* _Input data_
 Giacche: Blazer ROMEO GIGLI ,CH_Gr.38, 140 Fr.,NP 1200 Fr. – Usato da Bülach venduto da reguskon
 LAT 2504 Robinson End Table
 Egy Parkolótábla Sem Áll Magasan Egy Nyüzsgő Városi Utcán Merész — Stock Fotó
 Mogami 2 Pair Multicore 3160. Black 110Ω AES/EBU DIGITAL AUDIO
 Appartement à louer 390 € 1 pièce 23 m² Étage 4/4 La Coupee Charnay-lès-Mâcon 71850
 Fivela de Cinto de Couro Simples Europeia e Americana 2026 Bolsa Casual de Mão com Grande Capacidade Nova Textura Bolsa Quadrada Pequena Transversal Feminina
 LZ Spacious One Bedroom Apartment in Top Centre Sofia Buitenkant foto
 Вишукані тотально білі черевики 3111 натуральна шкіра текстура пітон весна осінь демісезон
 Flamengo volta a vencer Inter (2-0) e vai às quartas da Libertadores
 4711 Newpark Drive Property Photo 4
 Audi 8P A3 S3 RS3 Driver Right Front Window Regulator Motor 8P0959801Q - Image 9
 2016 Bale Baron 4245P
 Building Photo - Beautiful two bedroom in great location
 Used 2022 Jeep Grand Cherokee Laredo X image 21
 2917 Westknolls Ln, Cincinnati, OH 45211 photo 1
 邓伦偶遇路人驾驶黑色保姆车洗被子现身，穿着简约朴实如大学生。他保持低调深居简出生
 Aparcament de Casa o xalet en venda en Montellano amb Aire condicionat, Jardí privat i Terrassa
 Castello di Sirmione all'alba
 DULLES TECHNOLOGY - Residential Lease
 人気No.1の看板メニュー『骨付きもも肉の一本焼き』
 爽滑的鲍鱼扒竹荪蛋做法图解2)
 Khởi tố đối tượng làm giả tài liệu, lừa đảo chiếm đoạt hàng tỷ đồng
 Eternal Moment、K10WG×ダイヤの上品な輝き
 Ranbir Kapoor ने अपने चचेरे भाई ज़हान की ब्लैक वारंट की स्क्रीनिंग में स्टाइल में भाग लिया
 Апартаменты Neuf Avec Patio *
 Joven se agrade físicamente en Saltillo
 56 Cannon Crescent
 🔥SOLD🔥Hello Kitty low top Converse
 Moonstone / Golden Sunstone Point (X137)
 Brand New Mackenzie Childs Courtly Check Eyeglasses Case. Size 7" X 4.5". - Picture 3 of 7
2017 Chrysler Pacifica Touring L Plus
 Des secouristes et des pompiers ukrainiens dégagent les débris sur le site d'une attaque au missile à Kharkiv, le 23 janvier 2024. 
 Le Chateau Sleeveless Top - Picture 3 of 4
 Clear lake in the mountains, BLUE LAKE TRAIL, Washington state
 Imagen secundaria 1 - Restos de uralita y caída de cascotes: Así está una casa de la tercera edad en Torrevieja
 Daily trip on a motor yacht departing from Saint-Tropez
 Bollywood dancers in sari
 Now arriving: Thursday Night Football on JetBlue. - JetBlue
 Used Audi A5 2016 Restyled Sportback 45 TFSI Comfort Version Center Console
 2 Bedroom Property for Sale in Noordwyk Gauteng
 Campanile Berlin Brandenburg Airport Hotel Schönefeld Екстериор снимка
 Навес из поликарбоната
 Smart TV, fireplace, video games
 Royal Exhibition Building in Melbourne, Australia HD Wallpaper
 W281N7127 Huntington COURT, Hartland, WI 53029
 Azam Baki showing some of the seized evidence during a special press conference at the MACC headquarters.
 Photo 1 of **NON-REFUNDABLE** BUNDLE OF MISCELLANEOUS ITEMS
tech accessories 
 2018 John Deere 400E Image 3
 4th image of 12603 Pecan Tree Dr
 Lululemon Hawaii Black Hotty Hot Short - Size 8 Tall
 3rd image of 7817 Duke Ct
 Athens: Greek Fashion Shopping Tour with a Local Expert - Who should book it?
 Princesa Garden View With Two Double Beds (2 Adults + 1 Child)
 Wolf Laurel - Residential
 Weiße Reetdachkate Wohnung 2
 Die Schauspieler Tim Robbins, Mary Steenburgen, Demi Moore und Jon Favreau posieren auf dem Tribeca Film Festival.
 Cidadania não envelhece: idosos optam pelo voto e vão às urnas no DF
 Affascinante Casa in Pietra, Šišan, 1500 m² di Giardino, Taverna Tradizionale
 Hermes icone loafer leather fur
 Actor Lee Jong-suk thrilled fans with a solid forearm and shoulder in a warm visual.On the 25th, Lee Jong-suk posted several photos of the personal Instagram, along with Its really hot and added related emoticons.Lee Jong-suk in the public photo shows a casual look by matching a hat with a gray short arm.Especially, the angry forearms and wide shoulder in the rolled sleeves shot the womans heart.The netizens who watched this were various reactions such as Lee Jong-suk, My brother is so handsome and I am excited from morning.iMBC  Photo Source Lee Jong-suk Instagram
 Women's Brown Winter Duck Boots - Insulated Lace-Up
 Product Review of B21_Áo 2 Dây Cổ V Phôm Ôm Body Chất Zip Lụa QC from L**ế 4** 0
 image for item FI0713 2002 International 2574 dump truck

* _How to complete this task_
Going back over the entries above, copy word for word every line from the one that has "Mogami 2 Pair" on through the one that has "Building Photo - Beautiful".

* _Answer to the exercise_
 Mogami 2 Pair Multicore 3160. Black 110Ω AES/EBU DIGITAL AUDIO
 Appartement à louer 390 € 1 pièce 23 m² Étage 4/4 La Coupee Charnay-lès-Mâcon 71850
 Fivela de Cinto de Couro Simples Europeia e Americana 2026 Bolsa Casual de Mão com Grande Capacidade Nova Textura Bolsa Quadrada Pequena Transversal Feminina
 LZ Spacious One Bedroom Apartment in Top Centre Sofia Buitenkant foto
 Вишукані тотально білі черевики 3111 натуральна шкіра текстура пітон весна осінь демісезон
 Flamengo volta a vencer Inter (2-0) e vai às quartas da Libertadores
 4711 Newpark Drive Property Photo 4
 Audi 8P A3 S3 RS3 Driver Right Front Window Regulator Motor 8P0959801Q - Image 9
 2016 Bale Baron 4245P
 Building Photo - Beautiful two bedroom in great location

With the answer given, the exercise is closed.